In In re Musel, --- B.R. ---, No. 20-42761, 2021 WL 2843847 (Bankr. D. Minn. July 7, 2021) (Ridgway, C.J.), the bankruptcy court denied a trustee’s motion for turnover of tribal gaming revenue payments after holding that tribal law applies and provides that the debtor has no vested property rights in the payments.
The debtor is a member of a tribal nation that enacted a Gaming Revenue Allocation Plan, pursuant to the Federal Indian Gaming Regulatory Act of 1988, under which the debtor and other citizens of that tribal nation receive apportioned monthly payments of the nation’s net gaming revenues. The trustee sought turnover of these payments, arguing that the payments equated to a right to distributions from a business entity. The debtor objected, pointing to the language of the allocation plan, which explicitly provides that the plan does not provide any vested property right or interest in the gaming revenues.
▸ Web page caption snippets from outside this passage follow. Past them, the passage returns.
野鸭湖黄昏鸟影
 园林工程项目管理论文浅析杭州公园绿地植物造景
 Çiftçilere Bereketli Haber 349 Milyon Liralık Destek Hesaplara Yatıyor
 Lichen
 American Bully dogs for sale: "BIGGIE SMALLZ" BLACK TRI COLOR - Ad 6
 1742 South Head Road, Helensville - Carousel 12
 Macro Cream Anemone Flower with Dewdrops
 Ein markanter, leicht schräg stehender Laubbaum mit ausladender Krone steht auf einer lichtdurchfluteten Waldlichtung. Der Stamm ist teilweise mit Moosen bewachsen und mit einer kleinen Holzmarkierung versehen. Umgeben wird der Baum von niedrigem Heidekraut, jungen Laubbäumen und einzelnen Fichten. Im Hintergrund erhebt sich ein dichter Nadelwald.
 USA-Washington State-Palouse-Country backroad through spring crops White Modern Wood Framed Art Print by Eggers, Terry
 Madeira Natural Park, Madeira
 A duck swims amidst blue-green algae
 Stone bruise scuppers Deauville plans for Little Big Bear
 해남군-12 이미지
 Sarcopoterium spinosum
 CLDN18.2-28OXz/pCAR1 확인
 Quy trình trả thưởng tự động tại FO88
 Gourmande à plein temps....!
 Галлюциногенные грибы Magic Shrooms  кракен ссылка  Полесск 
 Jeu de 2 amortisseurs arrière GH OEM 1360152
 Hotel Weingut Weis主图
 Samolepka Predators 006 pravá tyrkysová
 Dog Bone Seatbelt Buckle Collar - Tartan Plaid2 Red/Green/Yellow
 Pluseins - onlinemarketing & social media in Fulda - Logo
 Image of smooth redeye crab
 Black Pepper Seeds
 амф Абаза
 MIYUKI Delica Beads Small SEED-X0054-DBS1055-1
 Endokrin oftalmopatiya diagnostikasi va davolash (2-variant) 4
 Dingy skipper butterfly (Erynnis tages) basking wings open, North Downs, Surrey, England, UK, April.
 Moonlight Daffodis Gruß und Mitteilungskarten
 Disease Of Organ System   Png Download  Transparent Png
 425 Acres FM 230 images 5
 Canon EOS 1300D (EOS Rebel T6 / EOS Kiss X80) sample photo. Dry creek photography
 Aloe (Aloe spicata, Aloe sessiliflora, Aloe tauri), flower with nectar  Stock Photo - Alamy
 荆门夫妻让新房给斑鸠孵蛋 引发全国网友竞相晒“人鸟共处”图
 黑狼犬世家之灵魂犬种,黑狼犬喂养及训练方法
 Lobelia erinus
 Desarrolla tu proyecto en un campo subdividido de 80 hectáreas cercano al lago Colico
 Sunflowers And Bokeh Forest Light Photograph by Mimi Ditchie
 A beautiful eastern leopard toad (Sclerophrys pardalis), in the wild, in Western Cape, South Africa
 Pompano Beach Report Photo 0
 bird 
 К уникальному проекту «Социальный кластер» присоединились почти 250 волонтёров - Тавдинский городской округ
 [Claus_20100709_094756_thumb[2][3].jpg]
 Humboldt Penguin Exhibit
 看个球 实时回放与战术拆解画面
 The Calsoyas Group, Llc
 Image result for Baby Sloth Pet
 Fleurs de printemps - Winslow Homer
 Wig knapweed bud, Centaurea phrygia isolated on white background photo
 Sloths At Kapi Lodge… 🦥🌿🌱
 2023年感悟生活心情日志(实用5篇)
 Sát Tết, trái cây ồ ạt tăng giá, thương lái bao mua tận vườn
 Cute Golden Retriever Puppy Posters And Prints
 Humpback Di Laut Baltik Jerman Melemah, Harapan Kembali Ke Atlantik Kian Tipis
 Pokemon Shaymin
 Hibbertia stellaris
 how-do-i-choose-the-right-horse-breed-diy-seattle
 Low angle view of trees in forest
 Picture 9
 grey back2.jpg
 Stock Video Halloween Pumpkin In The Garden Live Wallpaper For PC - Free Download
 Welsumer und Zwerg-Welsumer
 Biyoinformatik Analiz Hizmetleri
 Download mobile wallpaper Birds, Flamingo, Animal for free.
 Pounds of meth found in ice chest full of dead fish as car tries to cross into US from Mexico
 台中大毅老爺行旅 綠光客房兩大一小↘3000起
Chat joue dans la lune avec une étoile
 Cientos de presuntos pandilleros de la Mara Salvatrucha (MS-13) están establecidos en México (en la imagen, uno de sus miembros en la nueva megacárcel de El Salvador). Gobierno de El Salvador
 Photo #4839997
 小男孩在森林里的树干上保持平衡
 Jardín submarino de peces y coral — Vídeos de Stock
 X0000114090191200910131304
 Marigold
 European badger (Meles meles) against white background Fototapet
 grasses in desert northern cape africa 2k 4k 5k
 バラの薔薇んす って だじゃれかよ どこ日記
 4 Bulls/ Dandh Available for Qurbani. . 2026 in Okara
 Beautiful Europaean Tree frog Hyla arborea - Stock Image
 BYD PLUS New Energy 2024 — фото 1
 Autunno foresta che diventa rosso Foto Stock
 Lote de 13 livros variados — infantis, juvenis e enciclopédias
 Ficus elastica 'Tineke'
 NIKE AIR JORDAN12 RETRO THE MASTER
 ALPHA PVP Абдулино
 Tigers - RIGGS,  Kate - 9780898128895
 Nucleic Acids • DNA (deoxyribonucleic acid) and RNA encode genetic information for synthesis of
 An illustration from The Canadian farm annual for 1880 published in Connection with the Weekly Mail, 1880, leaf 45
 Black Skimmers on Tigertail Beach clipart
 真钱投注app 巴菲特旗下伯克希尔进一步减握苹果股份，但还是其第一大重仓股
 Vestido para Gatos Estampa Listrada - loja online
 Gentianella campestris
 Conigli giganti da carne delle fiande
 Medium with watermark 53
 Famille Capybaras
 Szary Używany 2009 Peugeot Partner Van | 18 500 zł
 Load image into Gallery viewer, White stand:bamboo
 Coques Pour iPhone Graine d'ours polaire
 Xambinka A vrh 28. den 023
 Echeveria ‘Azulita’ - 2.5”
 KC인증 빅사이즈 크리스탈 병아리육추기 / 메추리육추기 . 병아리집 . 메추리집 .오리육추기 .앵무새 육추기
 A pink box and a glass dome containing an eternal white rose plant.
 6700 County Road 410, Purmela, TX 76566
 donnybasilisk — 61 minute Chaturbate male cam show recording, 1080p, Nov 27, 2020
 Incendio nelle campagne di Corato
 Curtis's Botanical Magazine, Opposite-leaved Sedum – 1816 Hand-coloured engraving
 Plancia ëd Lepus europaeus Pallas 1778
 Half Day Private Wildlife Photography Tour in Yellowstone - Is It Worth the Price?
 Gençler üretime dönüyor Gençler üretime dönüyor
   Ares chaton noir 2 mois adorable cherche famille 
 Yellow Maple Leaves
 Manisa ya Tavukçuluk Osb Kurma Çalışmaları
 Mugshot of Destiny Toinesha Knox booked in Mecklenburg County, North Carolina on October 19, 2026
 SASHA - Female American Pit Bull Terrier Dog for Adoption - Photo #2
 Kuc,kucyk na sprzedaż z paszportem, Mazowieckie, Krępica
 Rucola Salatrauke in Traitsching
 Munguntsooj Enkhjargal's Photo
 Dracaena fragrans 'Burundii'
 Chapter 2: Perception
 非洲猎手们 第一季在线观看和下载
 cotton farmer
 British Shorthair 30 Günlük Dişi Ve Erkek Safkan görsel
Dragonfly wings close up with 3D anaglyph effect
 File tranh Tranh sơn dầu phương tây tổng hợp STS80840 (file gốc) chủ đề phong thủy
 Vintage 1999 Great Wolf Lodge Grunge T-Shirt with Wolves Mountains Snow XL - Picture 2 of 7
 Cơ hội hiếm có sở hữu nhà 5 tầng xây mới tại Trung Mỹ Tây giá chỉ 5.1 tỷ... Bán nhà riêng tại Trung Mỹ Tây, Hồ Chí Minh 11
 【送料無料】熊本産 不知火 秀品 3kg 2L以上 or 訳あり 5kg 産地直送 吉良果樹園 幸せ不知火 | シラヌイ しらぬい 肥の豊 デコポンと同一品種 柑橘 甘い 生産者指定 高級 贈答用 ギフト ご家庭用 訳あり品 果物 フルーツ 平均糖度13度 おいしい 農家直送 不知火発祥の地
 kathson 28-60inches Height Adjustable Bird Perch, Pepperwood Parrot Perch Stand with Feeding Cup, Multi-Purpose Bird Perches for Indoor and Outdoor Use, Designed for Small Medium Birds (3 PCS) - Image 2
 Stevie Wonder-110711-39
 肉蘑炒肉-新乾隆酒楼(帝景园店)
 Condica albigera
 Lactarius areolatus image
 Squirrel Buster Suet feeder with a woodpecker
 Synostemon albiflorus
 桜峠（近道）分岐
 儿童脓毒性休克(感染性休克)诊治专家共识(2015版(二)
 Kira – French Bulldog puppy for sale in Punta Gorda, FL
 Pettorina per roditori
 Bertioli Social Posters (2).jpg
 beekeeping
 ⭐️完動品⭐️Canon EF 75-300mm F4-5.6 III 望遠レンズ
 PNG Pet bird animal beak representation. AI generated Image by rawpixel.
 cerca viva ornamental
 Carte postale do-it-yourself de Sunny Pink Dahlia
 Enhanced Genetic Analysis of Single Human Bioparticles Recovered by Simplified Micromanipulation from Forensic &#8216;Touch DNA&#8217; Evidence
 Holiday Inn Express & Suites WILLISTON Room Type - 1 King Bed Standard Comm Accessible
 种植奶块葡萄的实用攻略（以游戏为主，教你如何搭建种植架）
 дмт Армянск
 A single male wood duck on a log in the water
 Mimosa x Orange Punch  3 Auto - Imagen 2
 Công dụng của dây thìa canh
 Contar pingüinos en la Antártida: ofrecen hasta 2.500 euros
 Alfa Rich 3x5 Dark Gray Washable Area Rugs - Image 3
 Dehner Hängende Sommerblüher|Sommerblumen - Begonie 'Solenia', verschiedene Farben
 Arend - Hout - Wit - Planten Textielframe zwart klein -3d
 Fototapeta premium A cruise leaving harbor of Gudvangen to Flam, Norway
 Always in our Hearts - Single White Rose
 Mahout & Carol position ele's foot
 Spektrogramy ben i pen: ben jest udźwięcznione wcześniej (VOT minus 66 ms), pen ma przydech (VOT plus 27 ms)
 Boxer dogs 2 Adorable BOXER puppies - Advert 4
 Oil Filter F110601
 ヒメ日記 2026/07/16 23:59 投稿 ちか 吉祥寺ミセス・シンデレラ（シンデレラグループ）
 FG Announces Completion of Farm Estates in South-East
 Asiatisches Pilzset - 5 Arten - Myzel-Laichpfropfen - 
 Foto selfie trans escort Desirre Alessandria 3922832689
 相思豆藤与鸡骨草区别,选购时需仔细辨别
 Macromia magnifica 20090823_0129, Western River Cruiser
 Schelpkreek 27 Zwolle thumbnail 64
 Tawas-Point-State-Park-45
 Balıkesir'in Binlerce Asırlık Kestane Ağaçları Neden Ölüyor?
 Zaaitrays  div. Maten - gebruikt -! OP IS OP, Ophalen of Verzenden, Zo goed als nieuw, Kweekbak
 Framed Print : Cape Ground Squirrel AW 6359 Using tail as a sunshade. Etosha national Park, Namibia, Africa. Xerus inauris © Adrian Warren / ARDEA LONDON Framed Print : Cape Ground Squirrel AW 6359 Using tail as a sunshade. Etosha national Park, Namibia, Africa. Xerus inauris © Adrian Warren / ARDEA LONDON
After acknowledging a lack of case law precedence or guidance on the issue, the court discussed the range of approaches taken by various court, from (1) considering the right to payments as property of the estate to (2) considering the payments of inconsequential value to the estate to (3) considering the payments themselves as property and the interest as contingent and, focusing on tribal sovereignty, the payments as not property of the estate. The court then discussed the relationship between federal and state law in determining what constitutes property of the estate and ultimately held that tribal law applies to tribal gaming revenues because congress did not provide that state law should supersede tribal sovereignty as to those revenues. The court went on to discuss the wider policy, logic, and equity the court considered to support this conclusion, including discussion of the historical context relating to tribal sovereignty.